Он упасть еще не успел, когда следующим ударом она отправила на пол перепуганную женщину, схватила у солдата нож и пырнула его в живот. Бросилась к двери и выглянула наружу, ожидая увидеть еще стражу, но там никого не было. Дун живо раздела убитого стражника и натянула его одежду, в том числе и тяжелый шлем. Она знала, что ее маскарад не выдержит и беглого взгляда, но уже сгущалась ночь. Дун закрыла и заперла за собой дверь камеры и уверенно направилась к главным воротам крепости; насмотревшись в окошко, она знала дорогу. Затаившись в тени, она стала ждать своего шанса, со страхом думая, что вот сейчас поднимется переполох…
Наконец ворота распахнулись, пропуская внутрь вереницу повозок с едой. Дун просто пересекла двор и вышла. Все оказалось легче легкого.
И вот теперь, глядя со скалы на реку внизу, она знала, как ей следовало поступить. Пробиваться дальше на запад больше было нельзя. Дорога оказалась слишком тяжела. Дун не могла прокормиться, да и сапоги скоро каши запросят. Возможность оставалась одна: спуститься к реке и следовать по течению. Может, лодку найти… Посмотрим, куда вода приведет!
Стоило принять решение, и на душе сразу полегчало.

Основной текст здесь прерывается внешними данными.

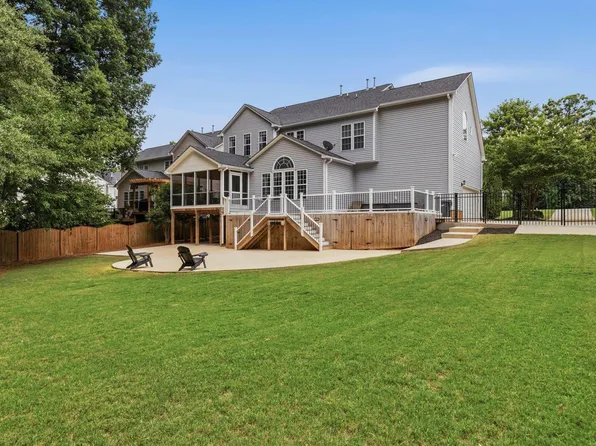 209 Hartwick Ln, Fountain Inn, SC 29644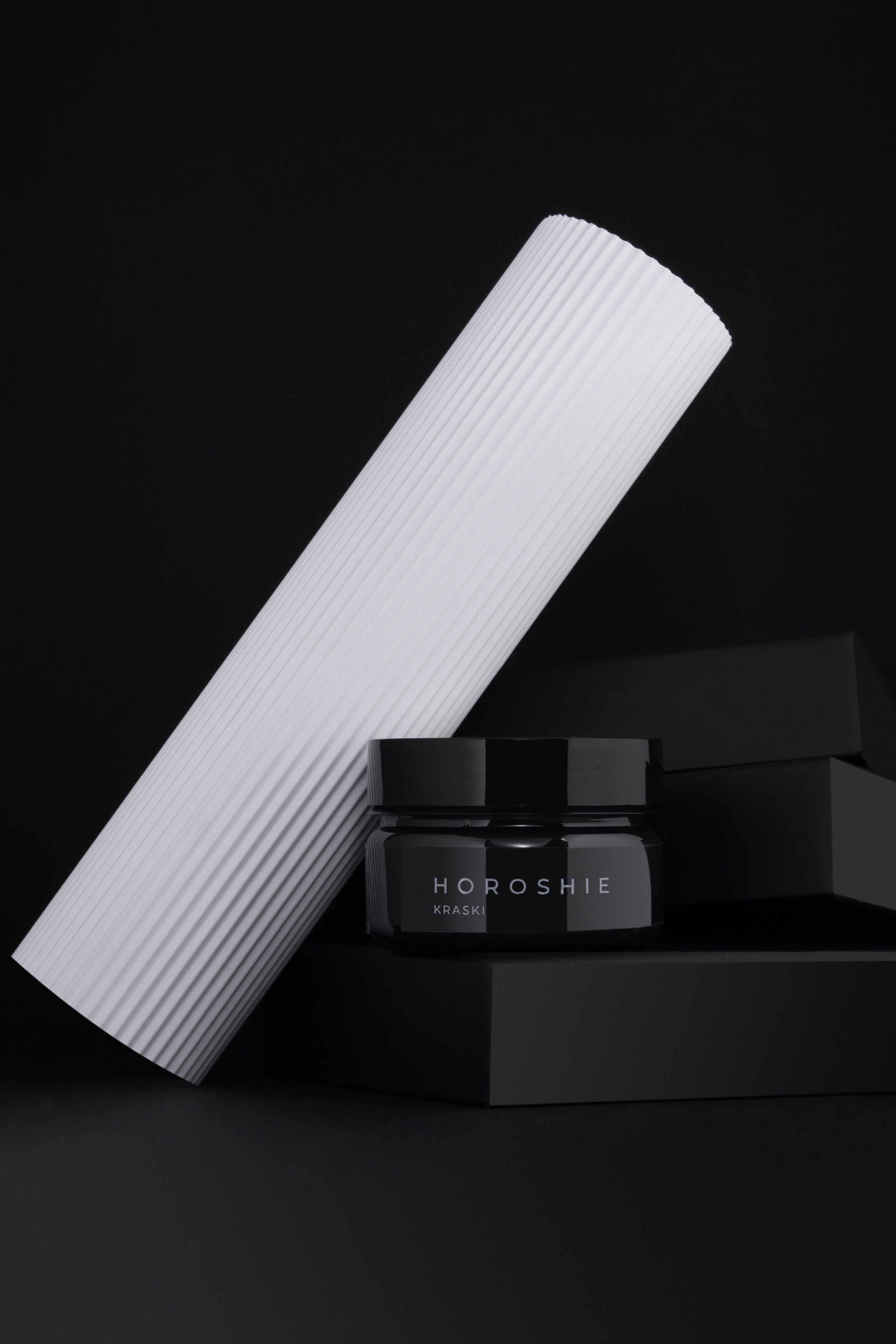 Черный колер фотография с подставкой и реквизитом. Колер для текстурной пасты.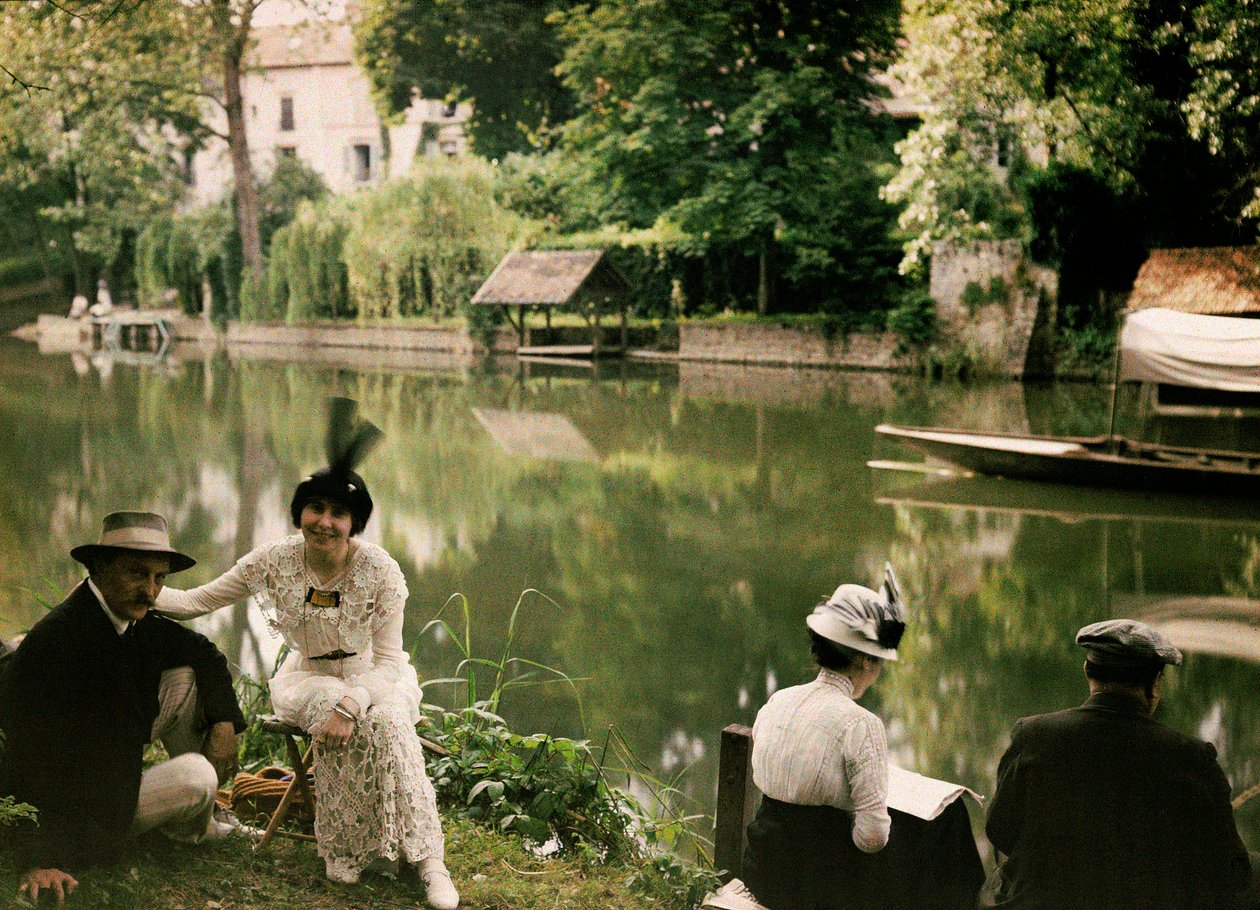 وجبة على ضفاف النهر في مونتيني ، فرنسا ، c.1920-25 (autochrome) بواسطة هنري شوانارد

Дун поднялась на ноги и стала искать тропинку вниз.
23
В последующие годы Шаскара ни разу не упоминал о той их первой встрече, когда Фелл еще носил имя Эриш и был сыном недавно умершего Льва Востока.
Вторая встреча мальчика и полководца выдалась совершенно иной.
Эриша и других ребят, вернувшихся живыми из леса, отвели в самые глубокие подземелья под Алым дворцом. Пока длился спуск, они очень боялись, что вот сейчас он кончится и с ними будут делать такое! Но тоннели, растянувшиеся на долгие лиги, вели все вниз и вниз, и в конце концов Эришу захотелось какого угодно, но отдыха. После всех переживаний минувших дней, жуткого бегства от собак, потом восторга и после этого опять страха мальчишки попросту выдохлись. Самый старший из них лишь с большой натяжкой мог быть назван юношей, самый младший был и вовсе еще дитя.